# Colored glock



## Cracker (May 15, 2012)

Do they sell them factory made in green or digital camo or is that a after market thing?


----------



## JD7.62 (Feb 13, 2008)

Glock offered OD models but I dont think they do any more and the ones one the second hand market are pretty high. Otherwise its an aftermarket thing.


----------



## 706Z (Mar 30, 2011)

I saw some g 21s not long ago in dark earth color phase,but i think the OD green is done.


----------



## Cracker (May 15, 2012)

Thanks fellows, I'm thinking on getting one and I think the colored ones look sharp. Might try Baywatch if I get one.


----------



## FISHBOXFULL (May 9, 2008)

check out Tim at Baywatch, he does the dip... everyone speaks highly of his work. get the pattern you want I think he has digital and regular patterns and I think he was setting up for the real tree patterns


----------



## floorguy (Jul 22, 2011)

Tim is doing my glock in desert tan cant wait


----------



## Cracker (May 15, 2012)

Floorguy,post a pic when you get it back if you don't mind.


----------



## floorguy (Jul 22, 2011)

Cracker said:


> Floorguy,post a pic when you get it back if you don't mind.

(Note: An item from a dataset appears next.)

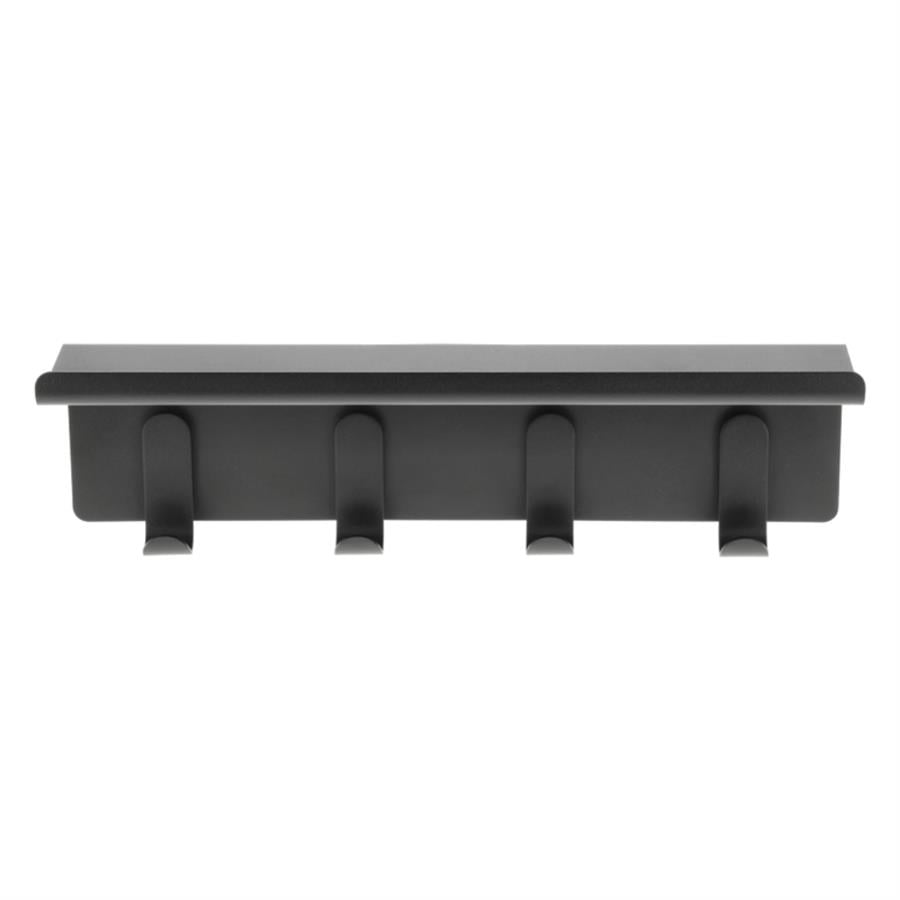 Koridor Rafı - Kancalı Antre Rafı Siyah Çelik 40X11,5X15 Cm
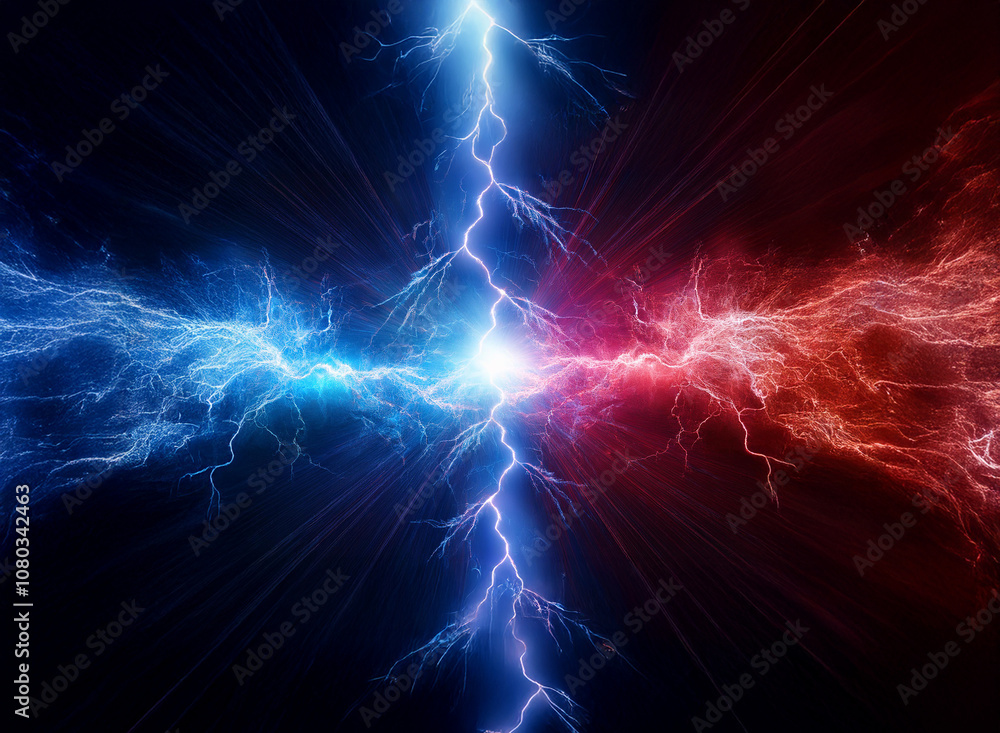 Blue and red lightning bolts clash in a dramatic display of energy, with the red light emanating from the right and blue light from the left. Blue and red lightning bolts clash in a dramatic display of energy, with the red light emanating from the right and blue light from the left.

I will tim is a nice guy and really takes pride in his work good prices should get back this week


----------



## jpwalnuthill (Feb 12, 2010)

This is one Tim done for me several months ago. Have shot several hundred rounds thru any no issues.


----------



## bobinbusan (Feb 16, 2010)

Cracker, if you got kids haning around the house, see if they will do it for you, see what kind of talent they have :thumbup: :thumbup: :thumbsup: :thumbsup: :whistling::whistling:


----------



## Cracker (May 15, 2012)

bobinbusan said:


> Cracker, if you got kids haning around the house, see if they will do it for you, see what kind of talent they have :thumbup: :thumbup: :thumbsup: :thumbsup: :whistling::whistling:


 No kids but if u got a extra one laying around id like to see what talents I have.:thumbup:


----------



## Cracker (May 15, 2012)

JP, that thing looks good. I'll for sure be getting with him when I get one.


----------